Believe it or not, Tom Redway juggled five apples without a drop a distance of 3 1/2 miles back in 1932. Read it yourself if you want. It's right there in "Ripley's Believe It Or Not,"
But I wondered about the rest of the story and did some research.
It turns out that Redway was much more than the self-declared "first juggling marathoner." He was talented and fondly remembered community and regional Vaudevillian.
Ms. Carolyn Chouinard, the North Salem, Mass., town historian, remembers his performances there as early as 1926. "Tom didn't need a stage." she said. "Barber shops, fire stations, drug stores, or bars were fine. He would always attract a crowd. All my contemporaries who saw him perform at various functions say he was much better and funnier than anything that can be seen on TV today. I think it was because of the Redways I've always had such a fondness for live entertainment, jugglers and magicians."
Dynamic and humorous, Redway and his spouse, Nina, made a mark that lasted.
Jules Thomas (Redway) Chauvin, was born in Montreal, Canada, in 1886. A former Canadian League baseball star and World War I veteran, he performed comedy, juggling, clowning, magic, knife throwing and calligraphy. He worked the Kent Circuit with Nina, a striking beauty noted for dancing and a routine described as "paper tearing."
Redway's life story sheds light on the vaudeville era. After marrying, he and Nina worked the carnival circuit in America and Canada. They both starred in stock plays and comedies. They shared the stage with such stars as Marie Dressler and El Brendel. Tom was billed with Harry Houdini, and at one time he even shared an act with W.C. Fields. But he broke it off due to Fields' drinking habits. He followed that by working an evangelical campaign in the South with Mordecai Ham.
In the early teens, the couple bought some land and a house in North New Salem, Mass. They added a room with a high ceiling for juggling and called their haven Rosy Ridge.

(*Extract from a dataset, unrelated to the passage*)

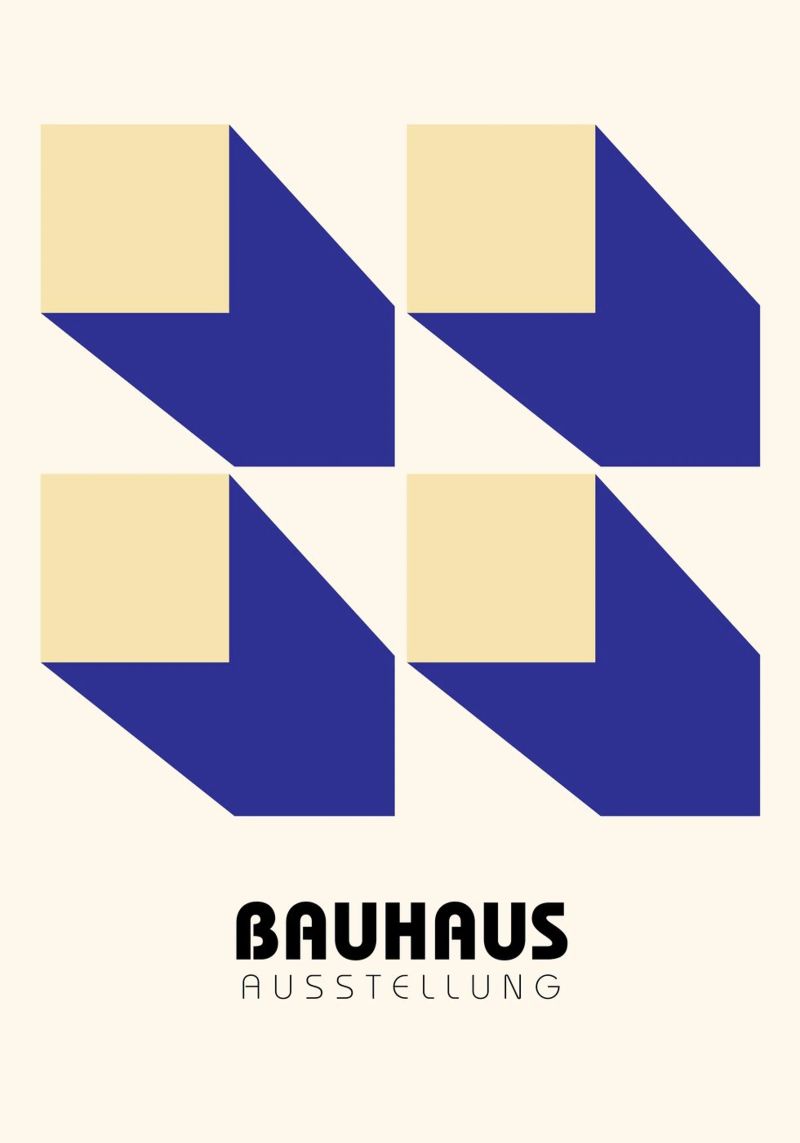 Strukturelles Abstraktes BW Geometrisches Muster Poster Leinwand von NorwesClub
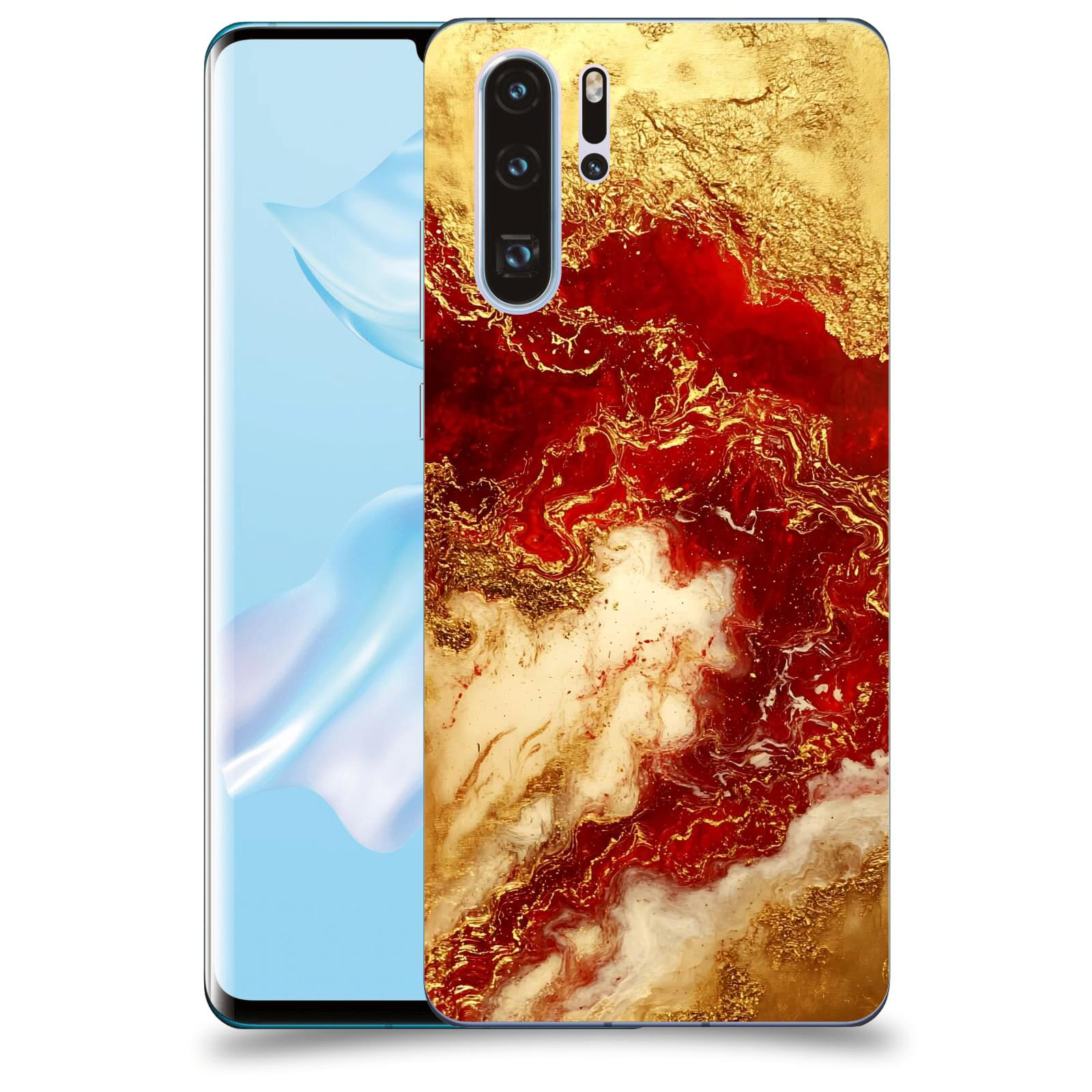ACOVER Kryt na mobil Huawei P30 - Golden Blood I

When not on the road, Redway also performed for free for local church groups, school groups, civic and social groups, and clowned and juggled in local parades. Youngsters used to watch him practice. He and Nina were especially attentive to children and even instructed a few in the craft.
"Of course he juggled. Indian clubs, hoops, plates, balls -- anything that would fly in his hands. I saw flying saucers before people even heard of the other kind. One of his tricks involved balancing a saucer on his foot and flipping it up on his forehead, then balancing a cup on his foot and flipping it up and catching it on the saucer, then balancing a spoon on his foot and flipping it up and catching it across the top of the cup, then balancing a sugar cube on his toe, flipping it up and catching that in the spoon. All done effortlessly with an amusing line of patter. Along with this he did card tricks and other magic which enchanted us."
Along with a quick wit and other performing skills, Tom was a ventriloquist. When Joe Truman's cow fell through the barn floor, neighbors gathered around and tugged, front and rear while the poor animal struggled and mooed. Thinking clearly, Redway imitated the bellowing of an impassioned bull, and the sad mooing ceased. The cow hauled herself to the floor and headed toward the pasture!
During the Depression Tom and Nina were hit hard with financial woes, and never really recovered. Their savings melted away and they sold what valuables they could. They received gifts of food from friends and neighbors, even after World War II. One man said of Tom, "He was poor as far as money was concerned, but he was very wealthy in terms of good will."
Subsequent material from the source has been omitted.